R.I.P. Brother

Everyone has people that help them get through their apprenticeship.

Being an apprentice is like going on a long journey to reach a destination, which is the land of knowledge, the land of knowledge happens to be a Journeyman Lineman. On this journey, the apprentice will run into forks in the road. The Linemen on his crew are guides on how to reach that destination quickly and efficiently. Some apprentices take the Lineman’s advice and keep on the straight path which takes them directly to Journeyman Lineman. Some apprentices will not listen and venture onto the wrong path full of curves and hills. I had a hard head when I first started as an apprentice. I was cocky and thought I knew it all when first started.  There were times when I got to the fork in the road and took the wrong path. But I had a Foreman never gave up on me. He always worked with me, but he wasn’t afraid to stick a boot up my ass when I needed it.

I just found out that this line foreman passed away. I was on his crew my whole apprenticeship. He taught me many lessons on the job. He also taught me lessons about life, he was Business agent for the union, large family and had 6 brothers. He loved people, he never met a stranger, and I never heard him say a bad word about anyone.

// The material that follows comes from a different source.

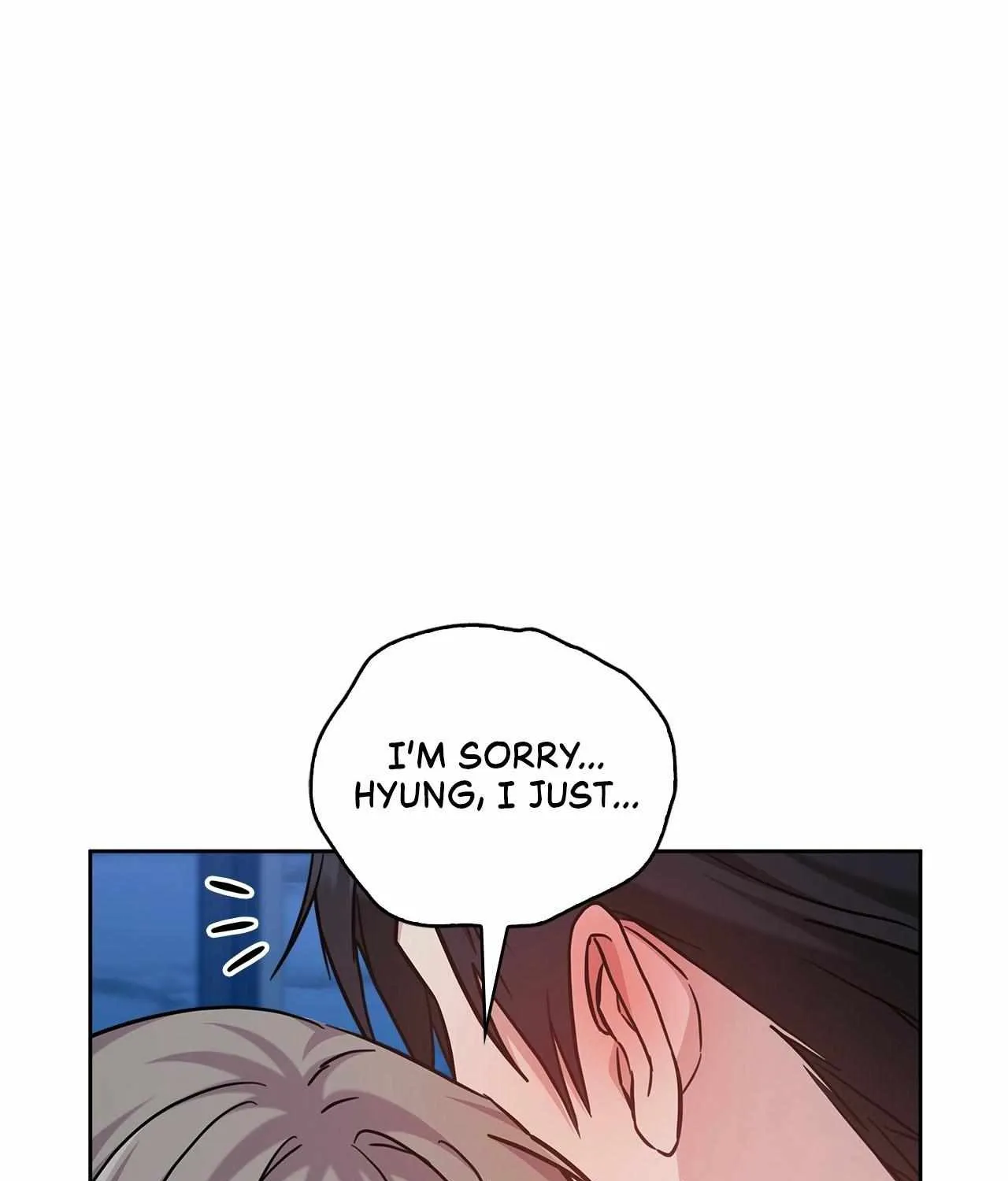 Senza Replica Chapter 59 page 51 -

A couple of times a week the crew would go to this small bar after work. The bar was an old brick building, very small maybe 20 x 20. It’s was named after the man that owned it, Butler’s. They had the coldest beer anywhere in town. When you opened a beer it was so cold it had small ice chips in it. The only beer my foreman would drink was Old Milwaukee. He also would lite up a Pall Mall cigarette, the ones with no filter. My foreman knew everyone that walked in the door. We spent many hours in Butler’s not talking about linework but talking about life.

After many wrong turns I made the final destination, journeyman lineman. Ronald told me the day I made Journeyman, “Lineman are part of a brotherhood, from now until the day you die, every lineman is your brother”.  So I guess I lost another brother, so long Ronald Koster and thanks for everything you taught me.

Everyone from that crew is now dead except for one person, Butler’s closed many years ago. The only thing that remains is the lines we built together, and the knowledge Ronald passed down to me. Riding around today and seeing some of the poles we set and the lines we built makes me smile and takes me back to the carefree days of my apprenticeship. Ronald, I wish I had seen you one more time before you passed so I could tell you thank you again. You took me from a young kid to a man and I will always be grateful for that.

“Opinions expressed are solely my own and may not express the views or opinions of my employer.”